Aim of the task: Please return the listing exactly as written, but without its pictures.

Dataset extract:

====

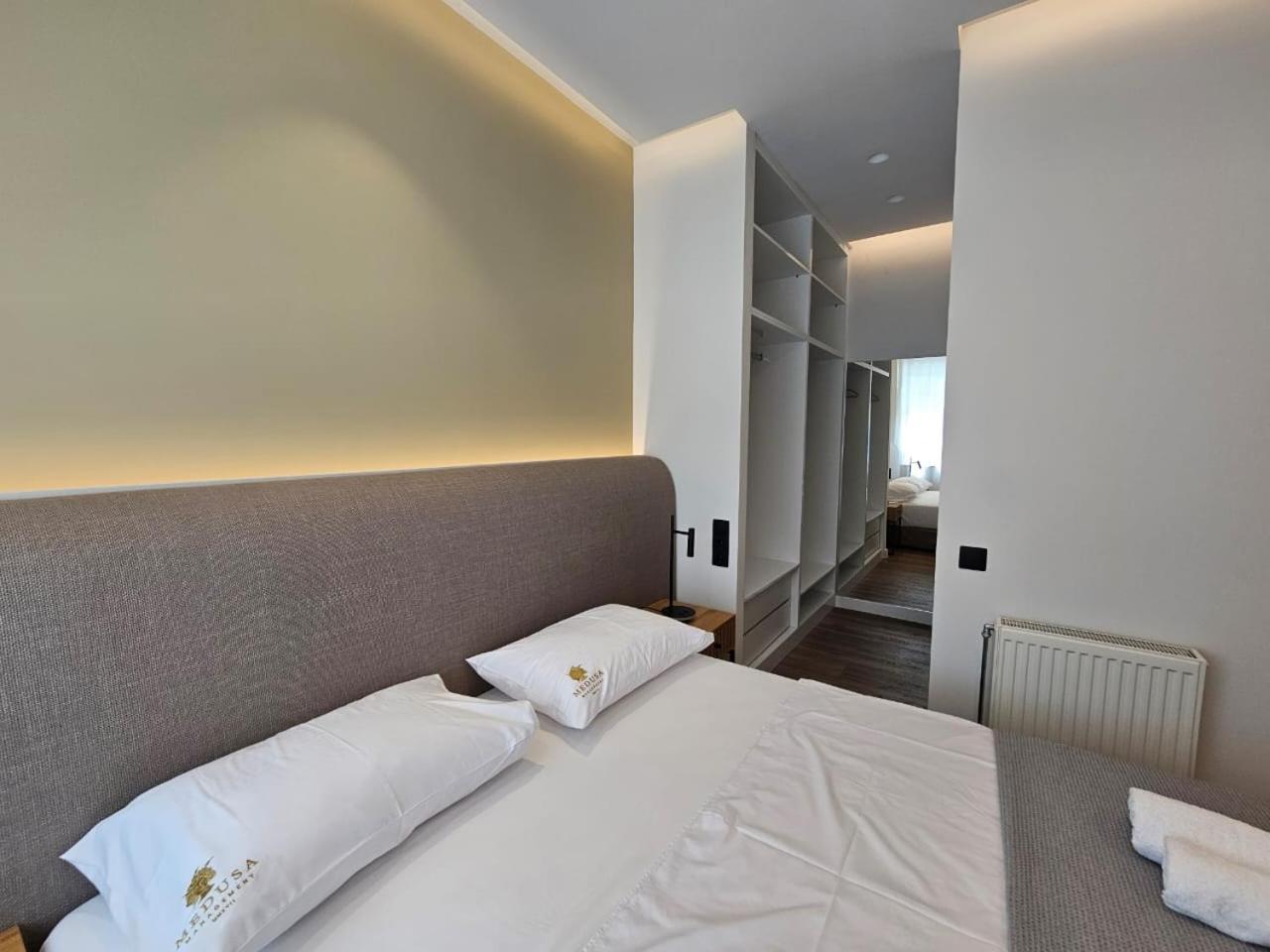Cas Athens Center Apartments Bagian luar foto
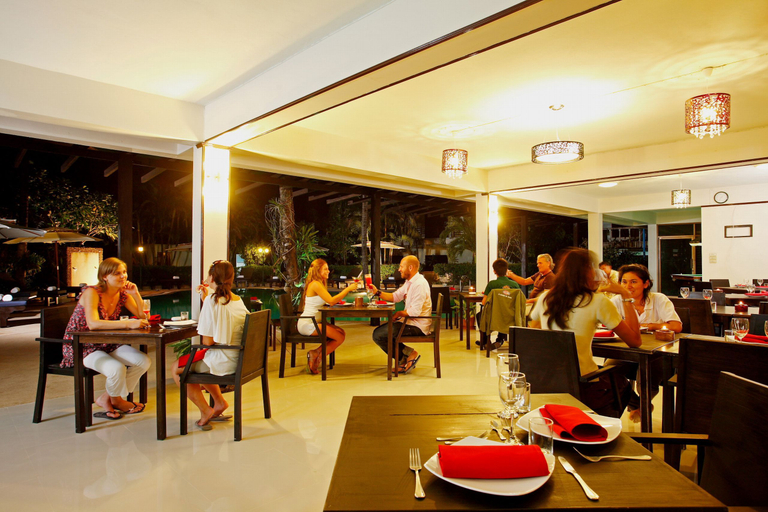 Food & Drinks 4, Bamboo Beach Hotel and Spa, Pulau Phuket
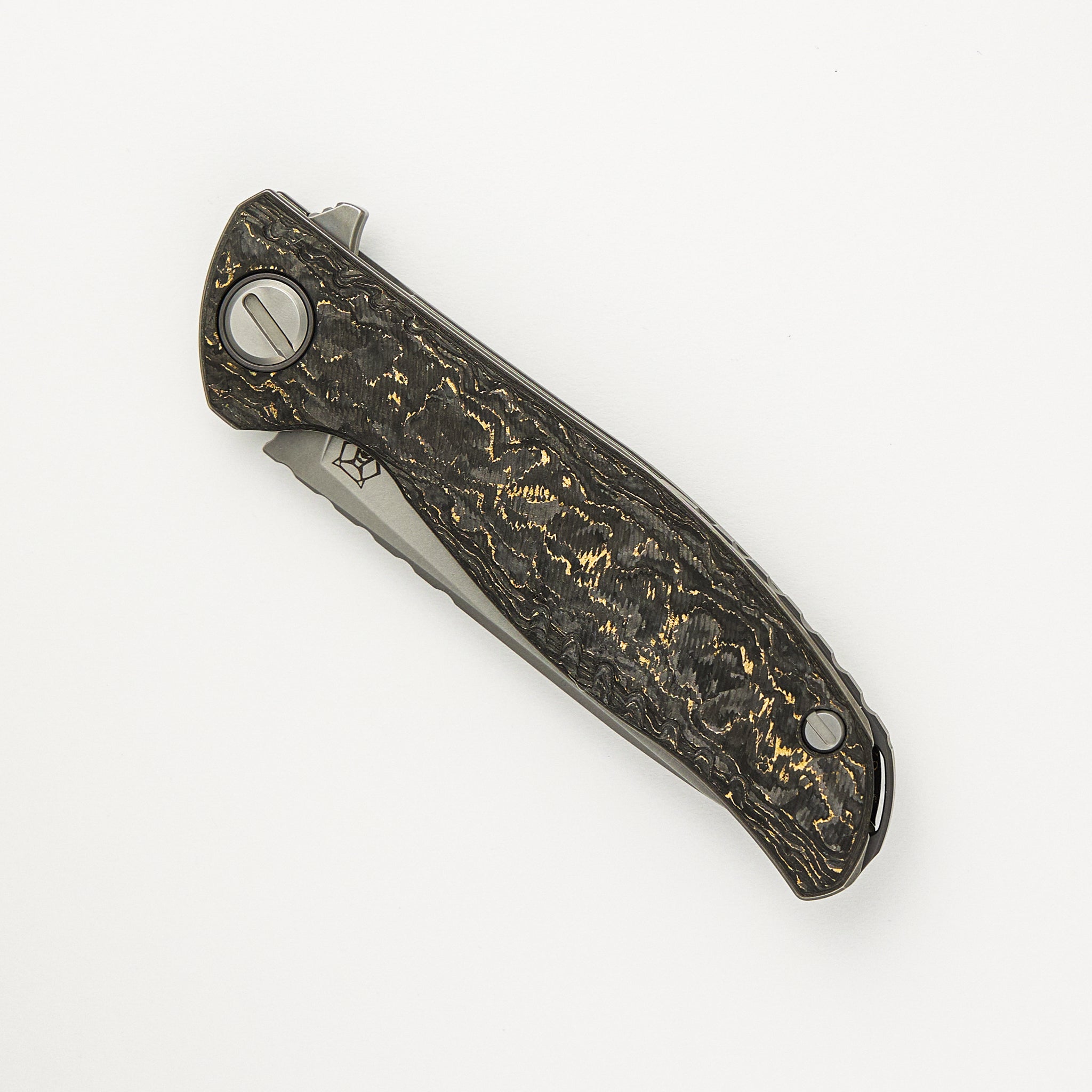 F3 - CCKS Spring 2025 Show Exclusive Set - HiTex Gear Poker Chip - Cova Leather Pouch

====

Output:
Cas Athens Center Apartments Bagian luar foto
 Food & Drinks 4, Bamboo Beach Hotel and Spa, Pulau Phuket
 F3 - CCKS Spring 2025 Show Exclusive Set - HiTex Gear Poker Chip - Cova Leather Pouch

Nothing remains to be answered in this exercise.